Start of INPUT MATERIAL
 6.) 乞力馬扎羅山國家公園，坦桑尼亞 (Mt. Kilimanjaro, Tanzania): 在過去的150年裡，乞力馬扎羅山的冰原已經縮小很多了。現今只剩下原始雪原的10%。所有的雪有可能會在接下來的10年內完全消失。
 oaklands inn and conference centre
End of INPUT MATERIAL
Start of INPUT MATERIAL
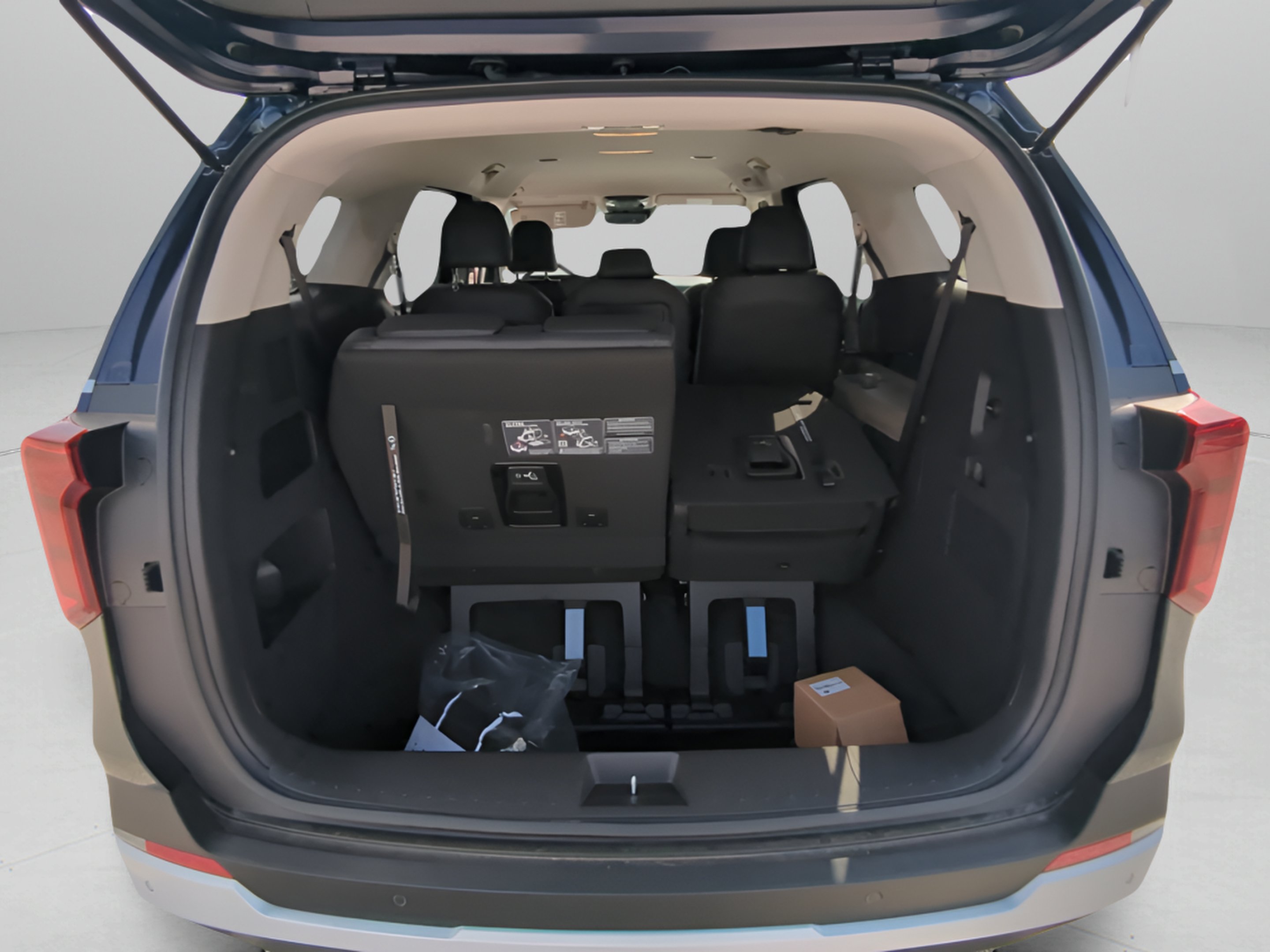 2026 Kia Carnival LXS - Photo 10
End of INPUT MATERIAL
> **WHAT YOU HAVE TO DO**
Please write out, exactly as they appear above, only the lines in the stretch from the line with "6.) 乞力馬扎羅山國家公園，坦桑尼亞 (Mt." through the line with "oaklands inn and conference centre".

> **ANSWER TO THIS PROBLEM**
 6.) 乞力馬扎羅山國家公園，坦桑尼亞 (Mt. Kilimanjaro, Tanzania): 在過去的150年裡，乞力馬扎羅山的冰原已經縮小很多了。現今只剩下原始雪原的10%。所有的雪有可能會在接下來的10年內完全消失。
 oaklands inn and conference centre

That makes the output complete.